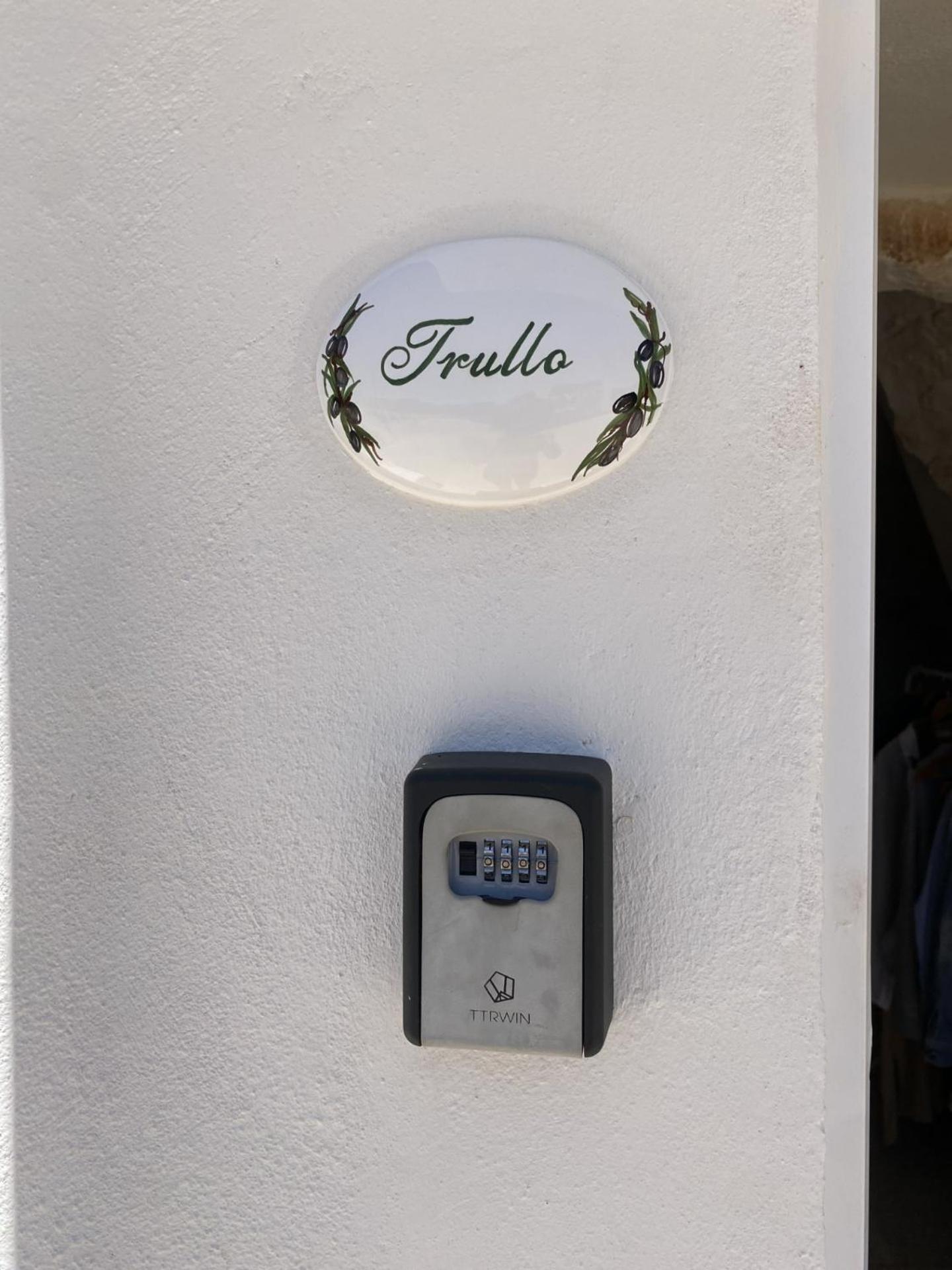 Trullo Moi Hotel ออสตูนี ภายนอก รูปภาพ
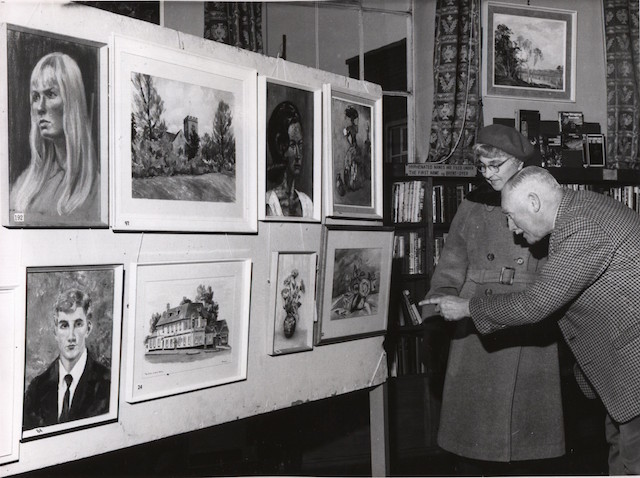 LB Bromley, art club exhibition, West Wickham Library, 1966 (Courtesy of Bromley Times/Kentish Times)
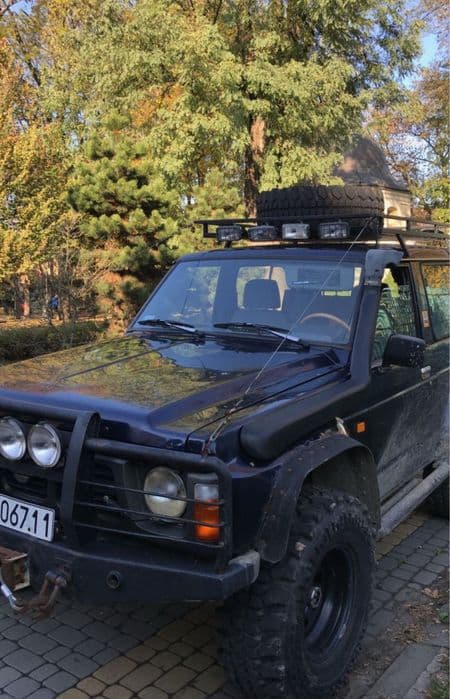 Bagażnik    stalowy nissan patrol masywny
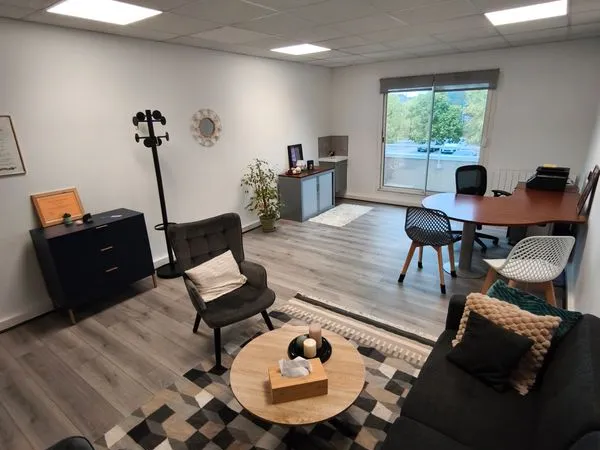 🏢 local professionnel disponible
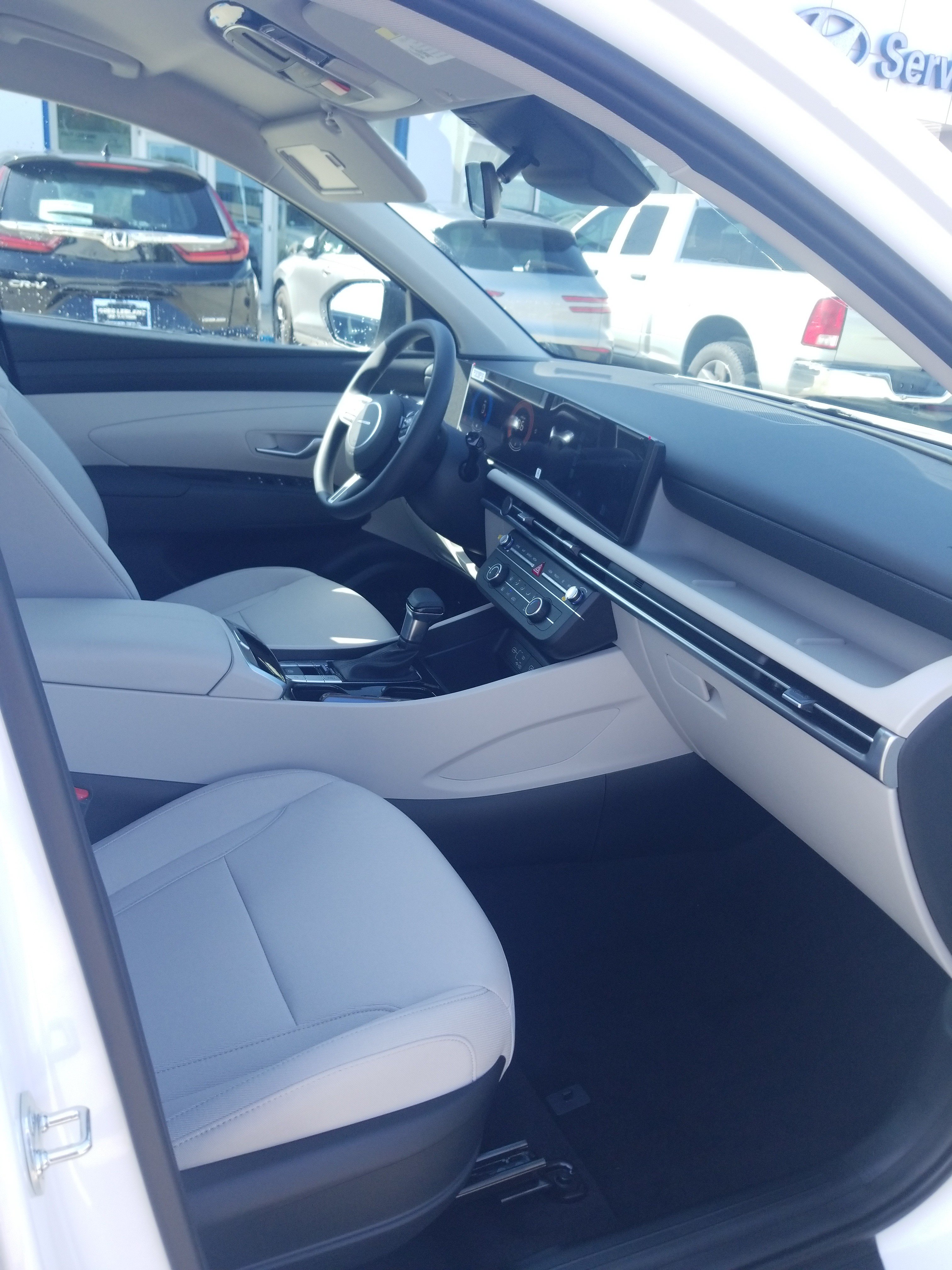 New 2026 Hyundai Tucson SE FWD image 16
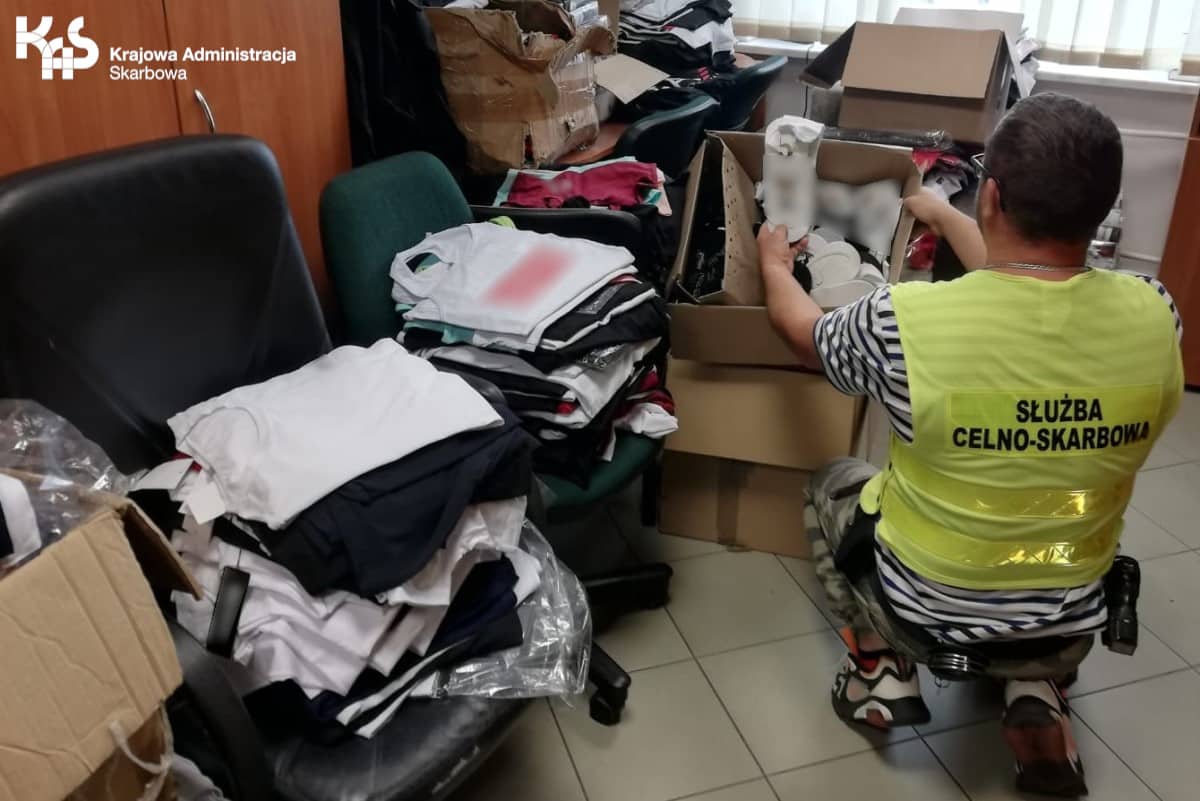 Obywatele Bułgarii handlowali podrobioną odzieżą na targowisku Olsztyn, Wiadomości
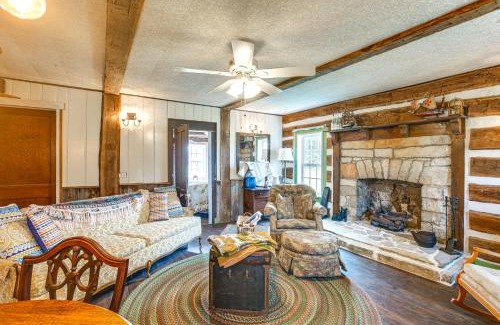 Perryville Casa | Hot Tub and Creek Views Secluded Perryville Cabin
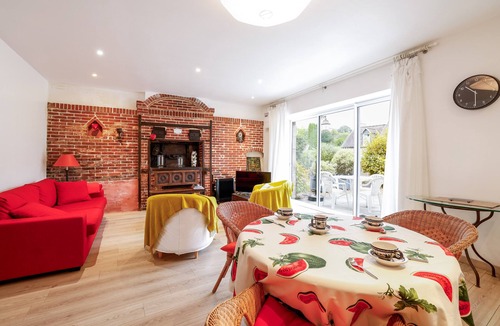 Huelgoat House | Les Gites du chaos d'Huelgoat – Renovated Former Bakehouse in Granite, Central & Peaceful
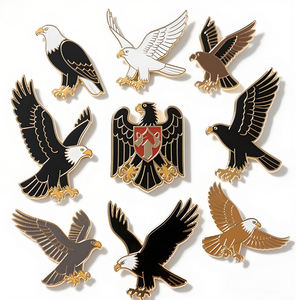 LOW-MOQ personnalisé aigle volant propagation-ailes Badge doux émail métal épinglette Vintage européen aigle Look hommes costume accessoire épingles - Product Image 2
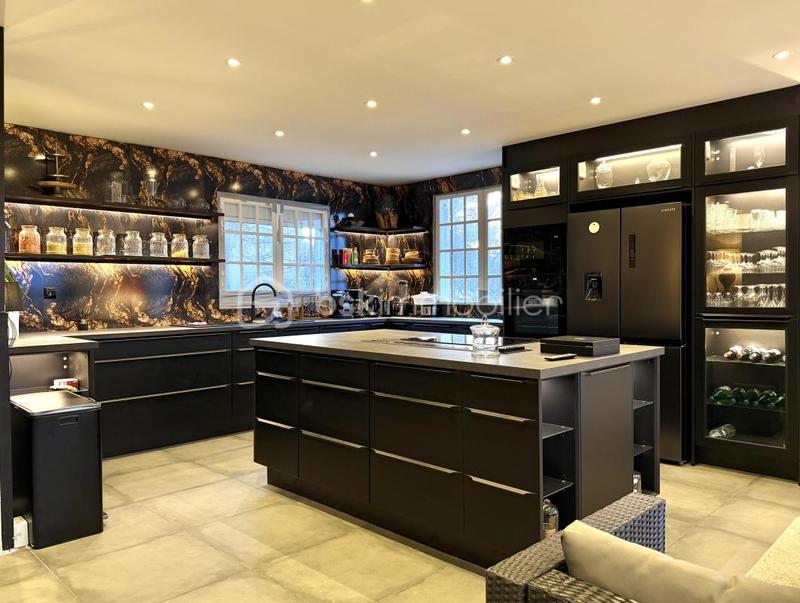 Maison - 149 m² - 6 pièces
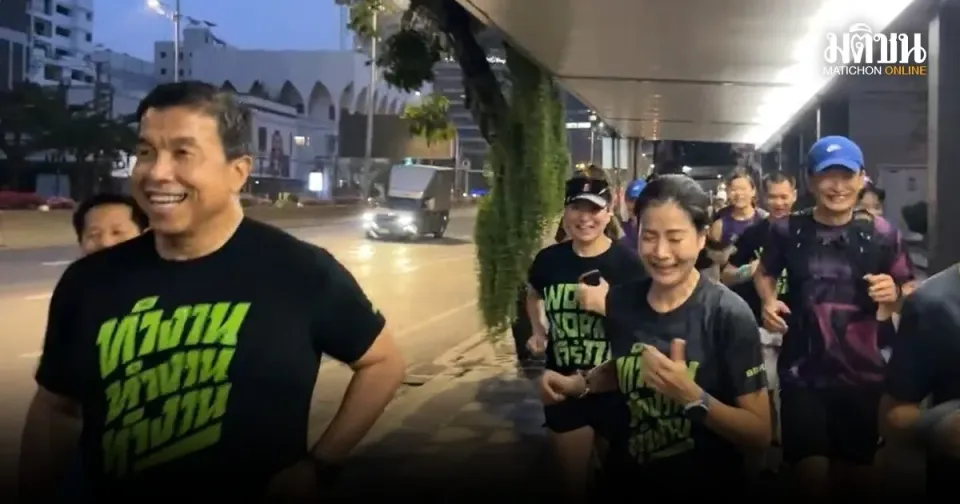 Bangkok governor runs 9 km inspection, reviews covered walkway and drainage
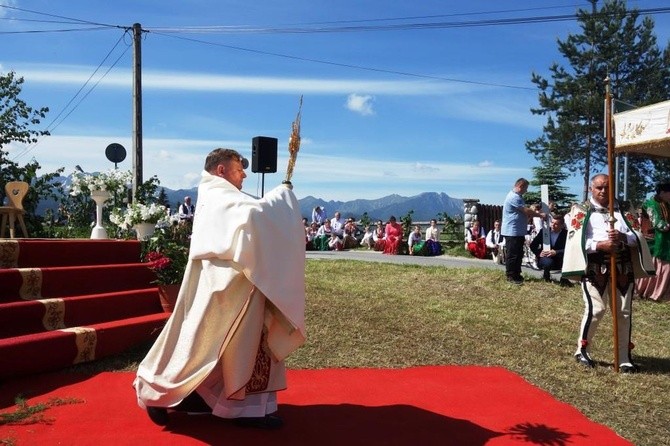 Procesja z widokiem na Tatry w Poroninie 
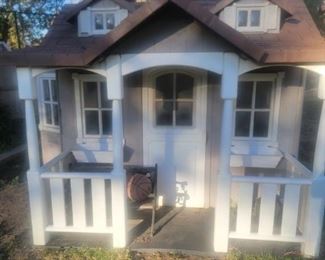 THINKING OUT SIDE COMPANY OUTDOOR COTTAGE PLAYHOUSE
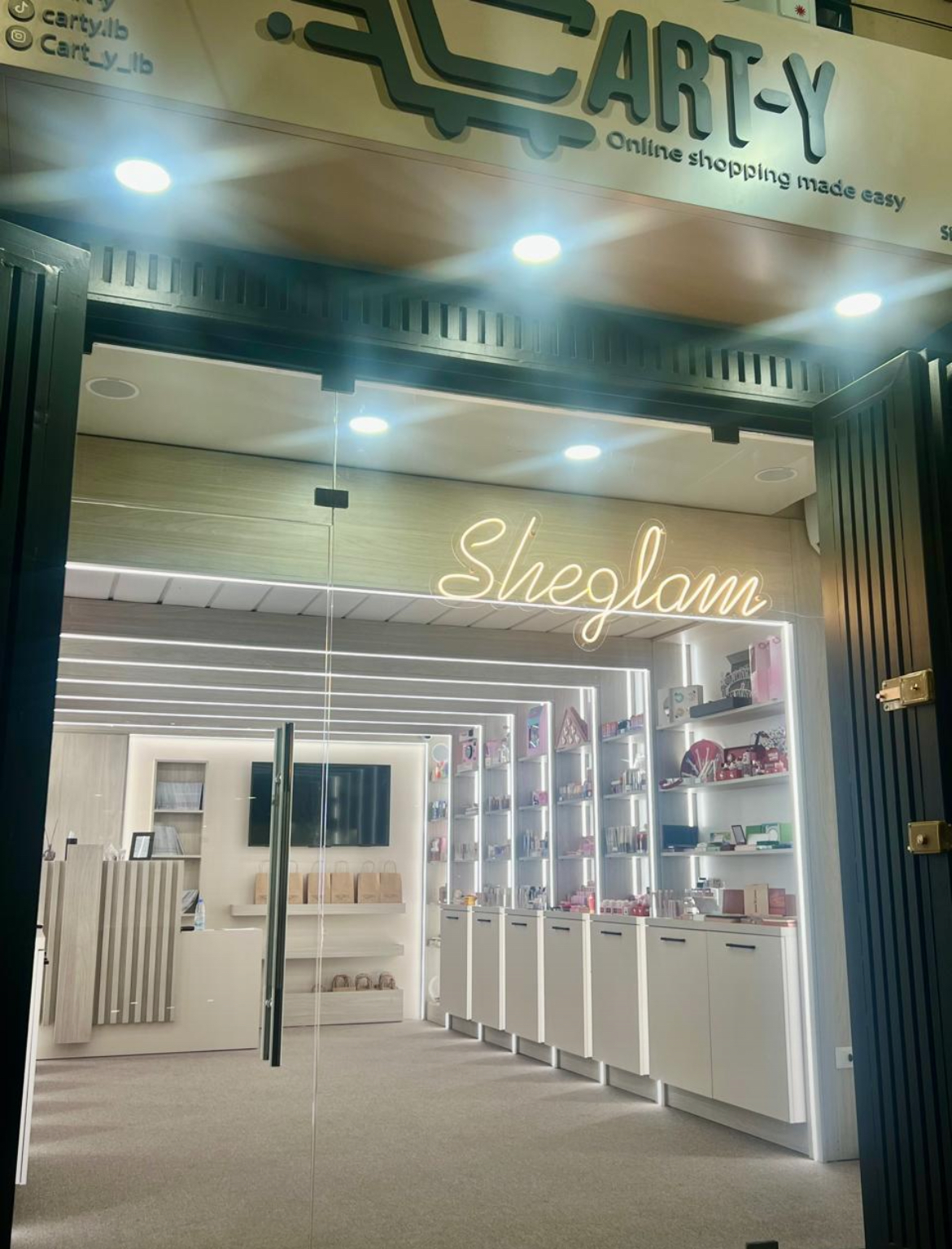 Sheglam Tripoli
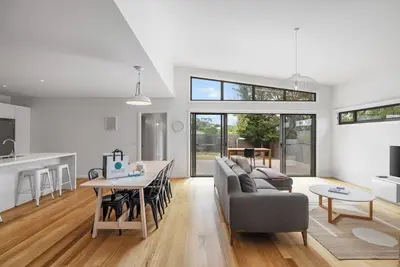 Image de Stardust Sands by Ready Set Stay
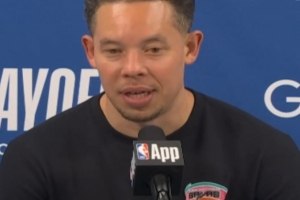 米奇：文班亚马季后赛状态出色 马刺展现极强竞争性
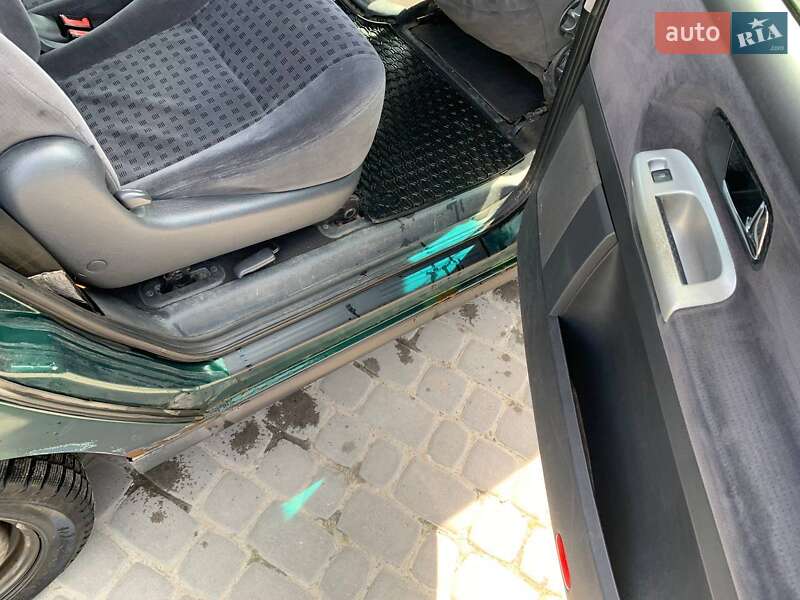 Минивэн Volkswagen Sharan 2002 в Львове фото 8 Минивэн Volkswagen Sharan 2002 в Львове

━━━━━━━━━━

### WHAT TO PRODUCE
Repeat the line containing "THINKING OUT SIDE" and every line after it up to the end of the material above, exactly as they stand, minus the pictures.

### SOLUTION
 THINKING OUT SIDE COMPANY OUTDOOR COTTAGE PLAYHOUSE
 Sheglam Tripoli
 Image de Stardust Sands by Ready Set Stay
 米奇：文班亚马季后赛状态出色 马刺展现极强竞争性
 Минивэн Volkswagen Sharan 2002 в Львове фото 8 Минивэн Volkswagen Sharan 2002 в Львове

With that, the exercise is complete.